I noticed an interesting phenomenon while reading this paper about a gene therapy that was intended to treat advanced heart failure.

The paper (which documents a Phase I/II study) found an 82% reduction in the risk of cardiac events in the high-dose group vs. the placebo group, with a p-value of 0.048. Weakly significant, but a big effect size.

On the other hand, if you look at the raw numbers you see that some people have a lot of cardiac events, and some have few or none. If you divide people into “healthy” vs. “unhealthy”, where “unhealthy” people have at least one cardiac event within a year, and “healthy” people don’t, then the placebo group had 7 healthy and 7 unhealthy patients, while the high-dose group had 7 healthy and 2 unhealthy patients.

If you do a one-sided t-test of this, you get a non-significant 0.07 p-value.

And intuitively, it makes sense that 7 out of 14 unhealthy patients vs 7 out of 9 unhealthy patients could very easily be a fluke.

How you frame the problem, what you consider to be an “event” in your probability space, matters. Do you count cardiac events? Mostly healthy vs. mostly unhealthy people? People with no cardiac events vs. people with any cardiac events? (the latter gives you p=0.089).

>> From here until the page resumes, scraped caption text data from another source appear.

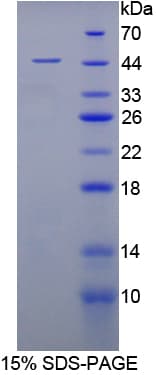 Rabbit ENO3 / Enolase 3 Protein (Recombinant His)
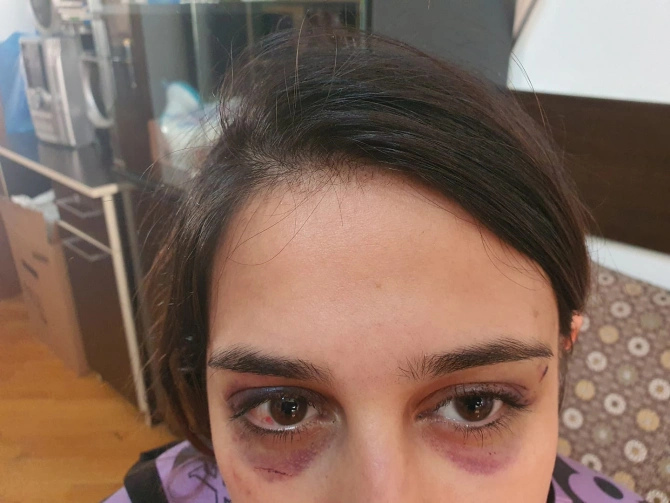 Azərbaycanda dəhşət! Əri hamilə qadını döyərək uşağını öldürmək istəyib - FOTO
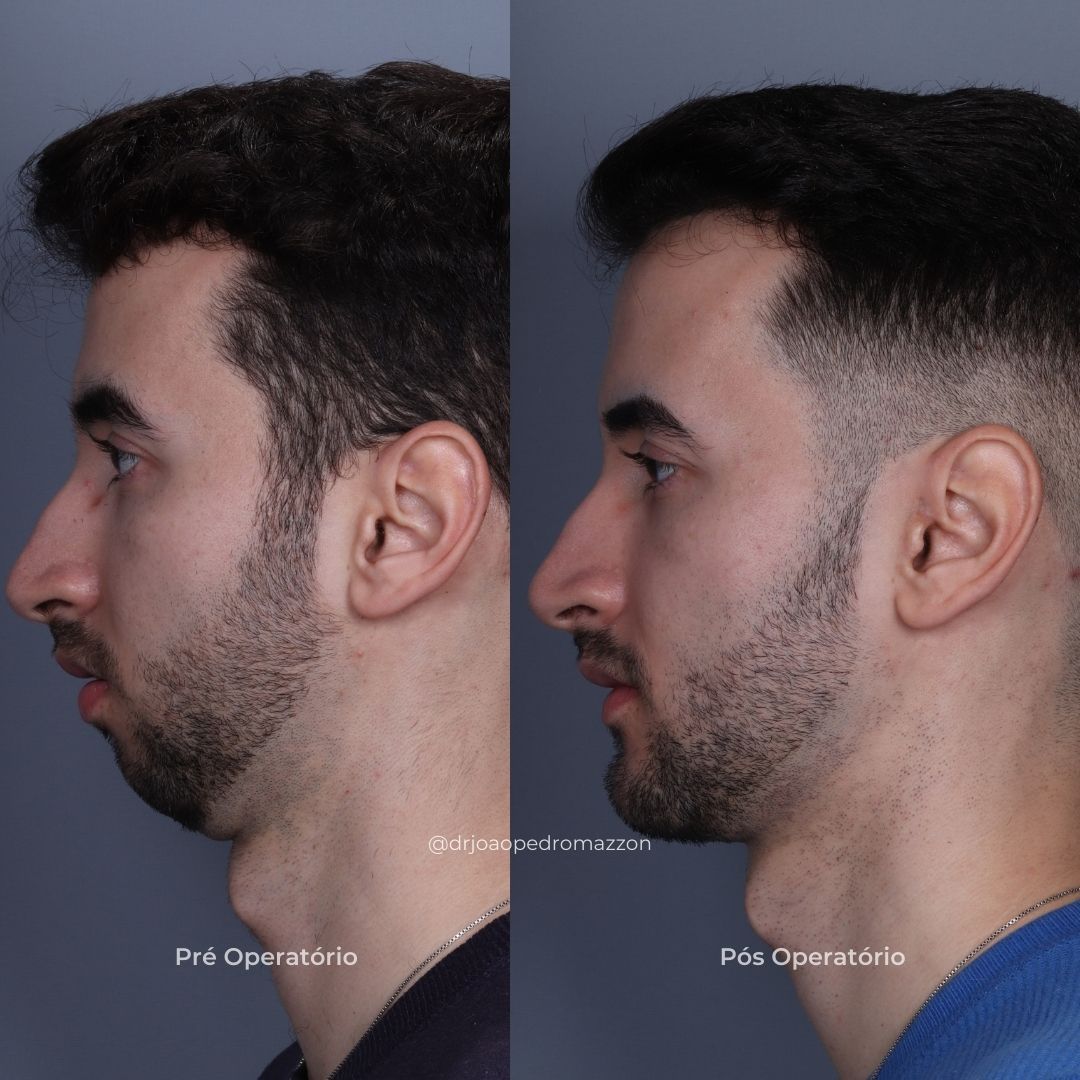 João Pedro Paulino Mazzon-69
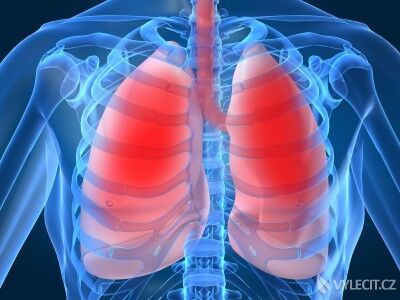 Zápal plic může mít hned několik příčin, autor: schizmacus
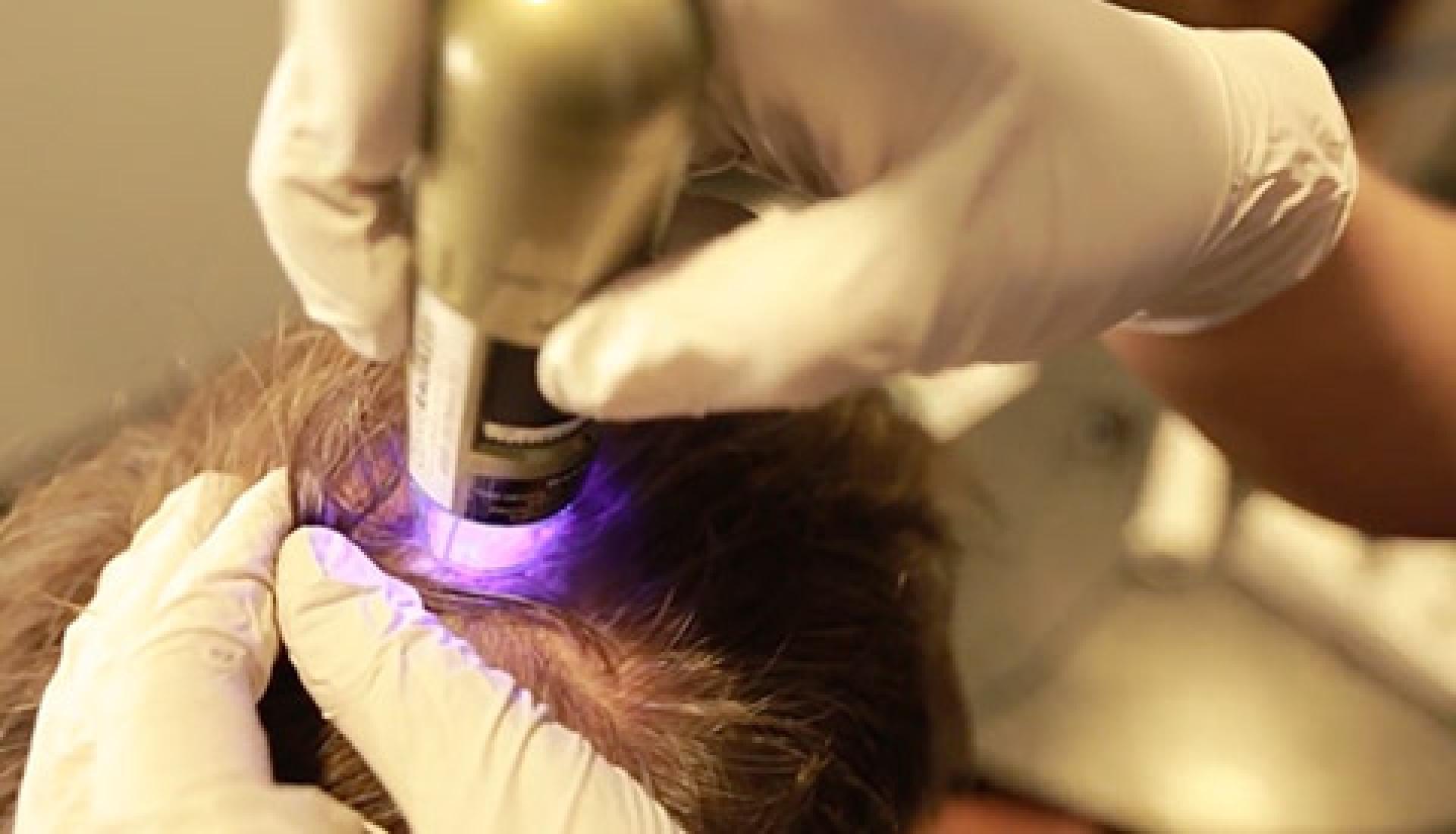 CRLAB Trichological Treatments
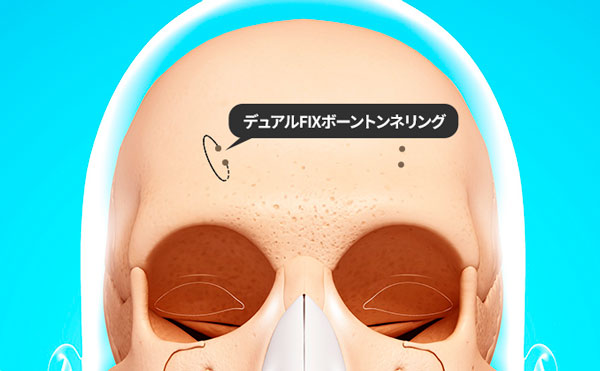 ボーントンネリング方式による額縮小術の固定方法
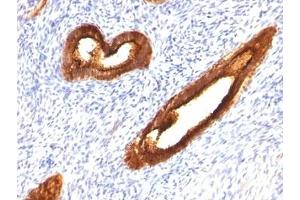 Formalin-fixed, paraffin-embedded human endometrial carcinoma stained with MUC-1 antibody.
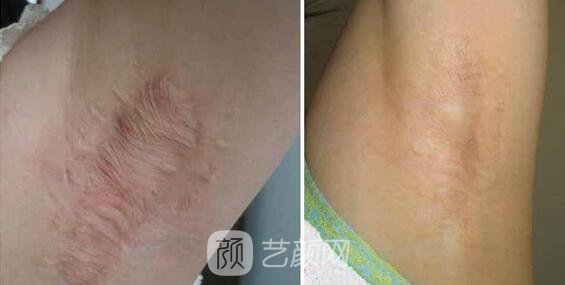 我去做了燒傷疤痕整形手術(shù)，現(xiàn)在已恢復(fù)如此了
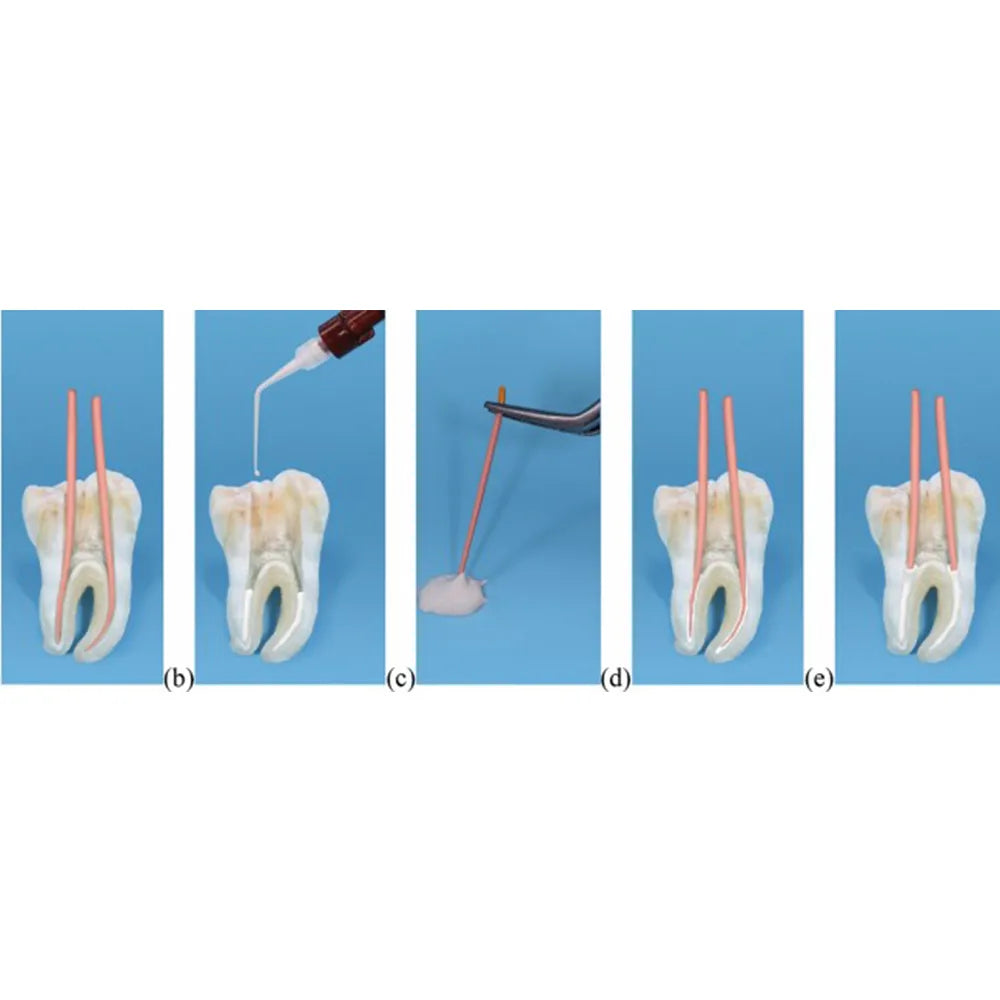 Meta CeraSeal RC Sealer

One way of framing it is that you posit some kind of hierarchical model. In this case, your risk of having a cardiac event is drawn from a probability distribution which is something like a mixture of two gamma distributions, one with a “low risk” parameter and one with a “high risk” parameter.

You could make a generative model to test the null hypothesis. Under the assumption that the therapy doesn’t work, you could randomly choose the size of the “high risk” vs. “low risk” population, and then for each patient, draw to see whether they’re high risk or low risk, and then draw again (repeatedly) from the appropriate gamma distribution to get their pattern of cardiac events. Sampling from this can give you the posterior probability distribution of the actual data given the null hypothesis.

You could even make the number of clusters in your mixture, or the cutoffs of the clusters, random variables themselves, and average over different models. That’s not really eliminating the fact that choice of model matters, it’s just pushing your agnosticism up a meta-level; but it may be general enough to be practically like model-agnosticism (e.g. adding more levels of hierarchy to the model might eventually cease to change the answer to “is this therapy significantly effective?” Note that you’re only getting p-value differences of a few percent even when we’re only tweaking a single parameter. At some point I should try this empirically and see how much difference added model flexibility actually makes.)

But there’s a basic principle here which I see in a lot of contexts, where the output of a statistical algorithm is dependent on your choice of ontology. And, I think, your choice of ontology is ultimately dependent on your goals. Do I want to measure reduction in number of heart attacks or do I want to measure number of people who become heart-attack-free? There can’t be an answer to that question that’s wholly independent of my priorities. Even averaging over models is essentially saying “over a wide range of possible priority structures, you tend to get answers to your question lying in such-and-such a range.” It doesn’t mean you couldn’t construct a really weird ontology that would cause the algorithm to spit out something completely different.